I learned how to cook very well from my grandmother but every once in awhile, something entertaining happens. There was the time I was cooking dinner for my bf and trying to impress him with fresh bread (one of my specialties!) and when I scalded the milk, I didn't let it cool enough before adding the yeast. When it didn't rise, I figured I'd try and bake it anyways. We ended up using the rolls as baseballs and once we were done, the dogs used them as chew toys for awhile. Then there was the lasagna incident.... You know the frozen party sized lasagnas from the store that take 2.5 hours to bake? Well, was doing one of those for a big party we were having, got it in late, so it was around 9 pm before it was done and as I pulled it out of the oven, managed to drop it, upside down, on the floor. After a lot of staring and then expletives, I ordered pizza. Still haven't lived that one down.  :Smile:

----------

Royal Chick (07-01-2012)

----------


## h00blah

> Well, was doing one of those for a big party we were having, got it in late, so it was around 9 pm before it was done and as I pulled it out of the oven, managed to drop it, upside down, on the floor. After a lot of staring and then expletives, I ordered pizza. Still haven't lived that one down.


Man! I bet you had that feeling where your heart sunk into your stomach... I hate hate hate that feeling XD

----------


## Coleslaw007

Well I cook awesome and I'm very attentive when I cook but I have done dumb stuff when I was younger, like putting a dog biscuit in the microwave. It caught fire and smoked us out of the house.

Now my mom is constantly doing things like setting plastic plates near hot burners and the like.

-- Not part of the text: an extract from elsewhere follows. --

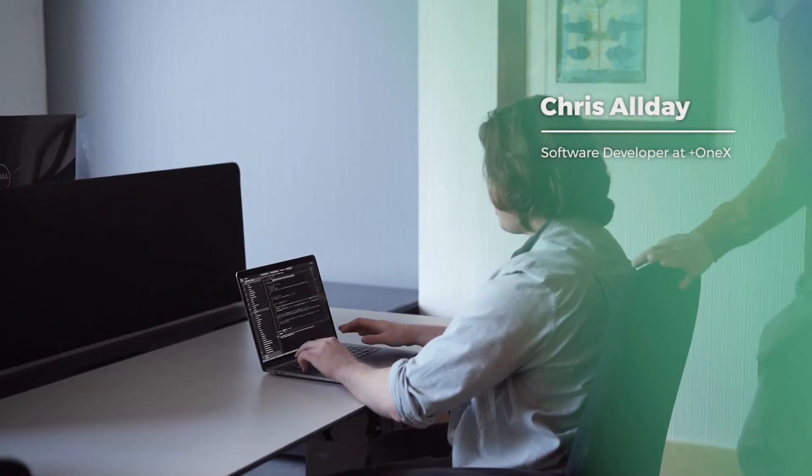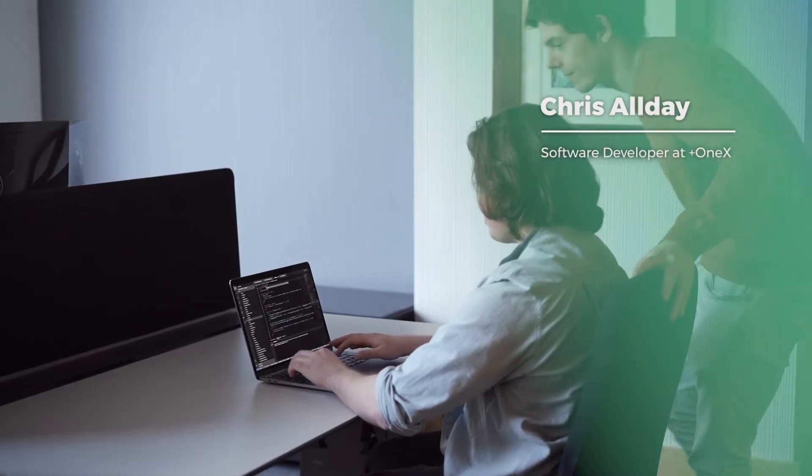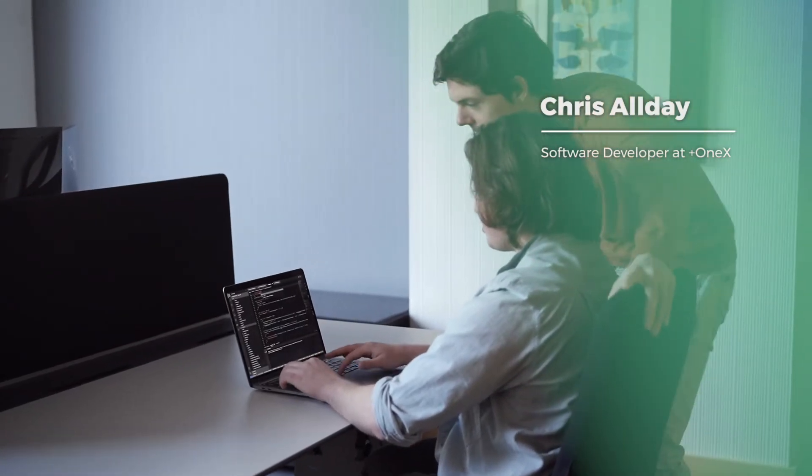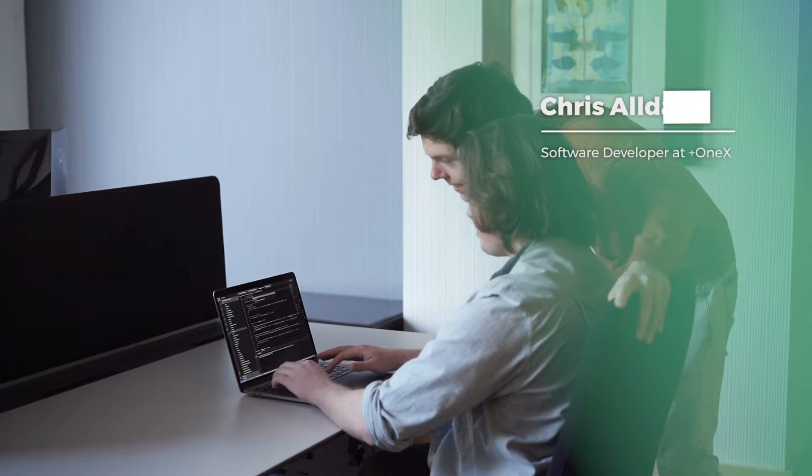My name is Chris Alday. I'm a front-end developer at Plus One X Solutions and I'm a mentor to Robby.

Sent from my PG86100 using Tapatalk 2

----------


## Capray

I've baked an entire batch of cookies with no baking soda/powder in it. :Wag of the finger: 
It ended up looking like several blackened rice-cakes with burned chocolate oozing off the surface.
I got distracted, loll. :Roll Eyes (Sarcastic):

----------


## Vasiliki

Slow Cooker beef stew....

Note to self: Remember to add WATER to the Slow Cooker if you're leaving it on LOW for 8 hours. Otherwise everything will burn to the sides of the container after a while, and it will take industrial cleaner to finally remove all of the blackened pieces that won't come off even with steel wool.

----------


## RetiredJedi

I just wanted to say that it is SNAFU and not SNAFOOS...Situation Normal All Fu#*%d Up

Sorry just being picky.  

One time when I was little I wanted to make cereal and we didn't have milk so I put water in it...my mom made me eat it all!!!! NASTY!  I know it's not cooking but I try to stick to letting my wife cook now-a-days.

----------


## Vasiliki

> I just wanted to say that it is SNAFU and not SNAFOOS...Situation Normal All Fu#*%d Up
> 
> Sorry just being picky.  
> 
> One time when I was little I wanted to make cereal and we didn't have milk so I put water in it...my mom made me eat it all!!!! NASTY!


.... Oh no... I thought I had blocked that memory out...

It, too, happened to me  :Tears:

----------


## Capray

lol, and also not having _enough_ milk so you dilute it with water... :Doh!:

----------


## Rhacin' Balls

I've almost burned down my apartment 3 times (twice cooking bacon and once toasting bread) and I've cut off the end of 2 fingers, not at the same time. Then there was the time I made apple pie and as I was taking it out of the oven it tipped and all the hot juice spilled on the floor. I can make amazing risotto and cherry cordials, but I can't seem to make Jell-O or kool-aid!!

----------